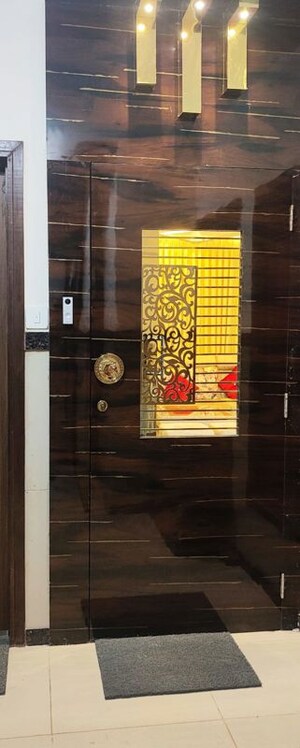 Room in 2 BHK Apartment at Rhythm Serenity Heights, Andheri East – for Sale
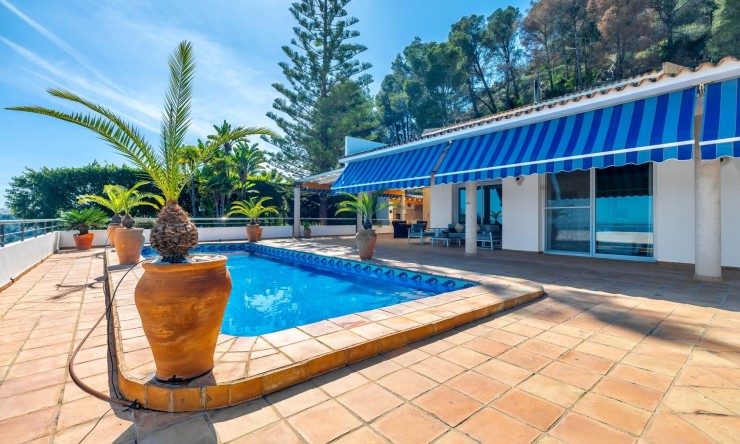 Reventa - Villa -
Callosa d'En Sarrià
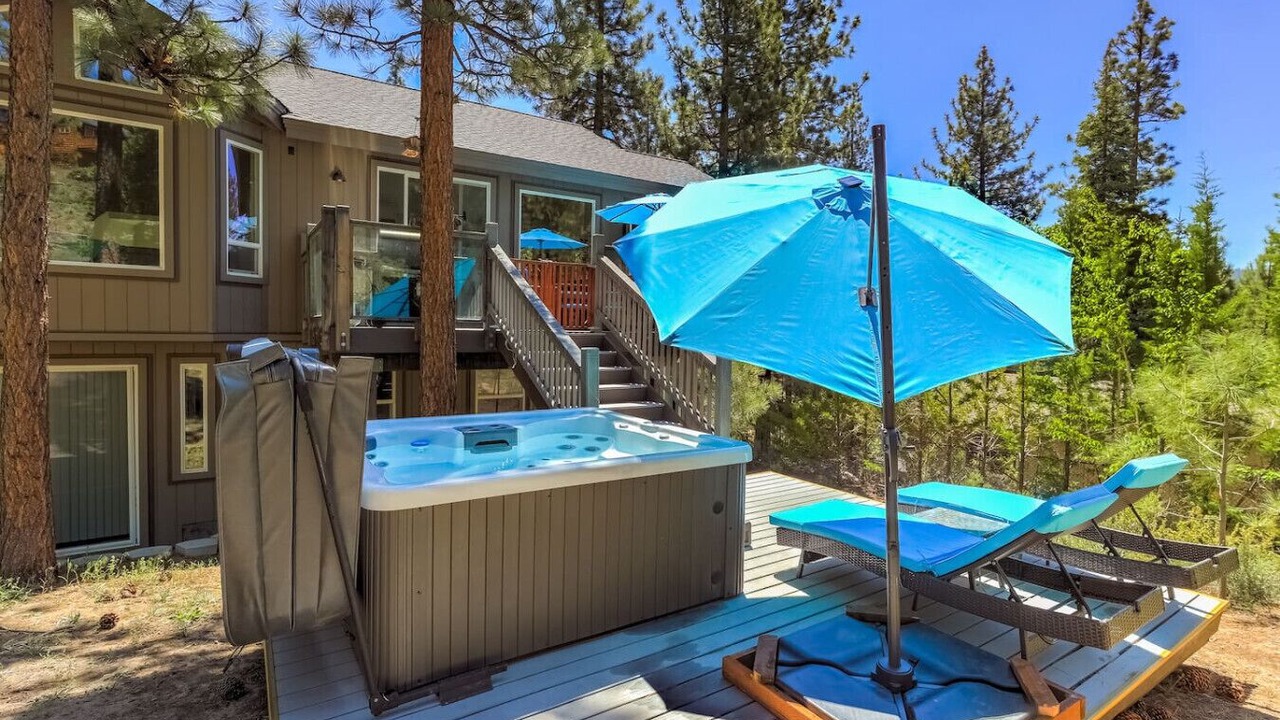 Photo of Patio Balcony in Round Hill Village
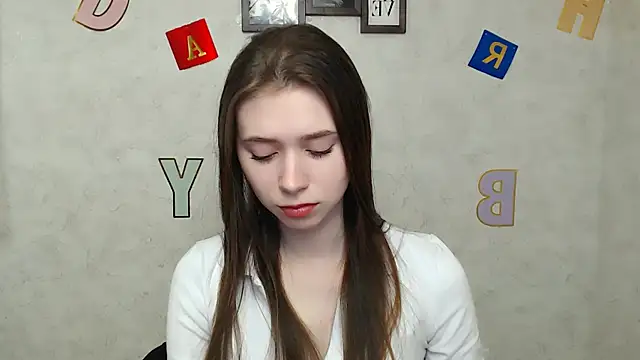 EmiLims  online show from 03-10-25, 07:10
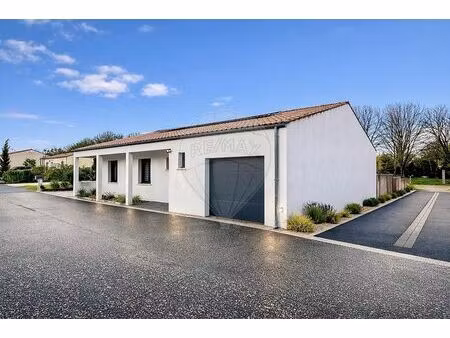 vente maison 4 pièces 123m2 arces 17120 - 299500 € - surface privée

_ _ _

**Assignment**
Copy the lines of the records, beginning where the line containing "Reventa - Villa" appears and continuing through the final line, exactly and with no pictures.

**Answer for this exercise**
 Reventa - Villa -
Callosa d'En Sarrià
 Photo of Patio Balcony in Round Hill Village
 EmiLims  online show from 03-10-25, 07:10
 vente maison 4 pièces 123m2 arces 17120 - 299500 € - surface privée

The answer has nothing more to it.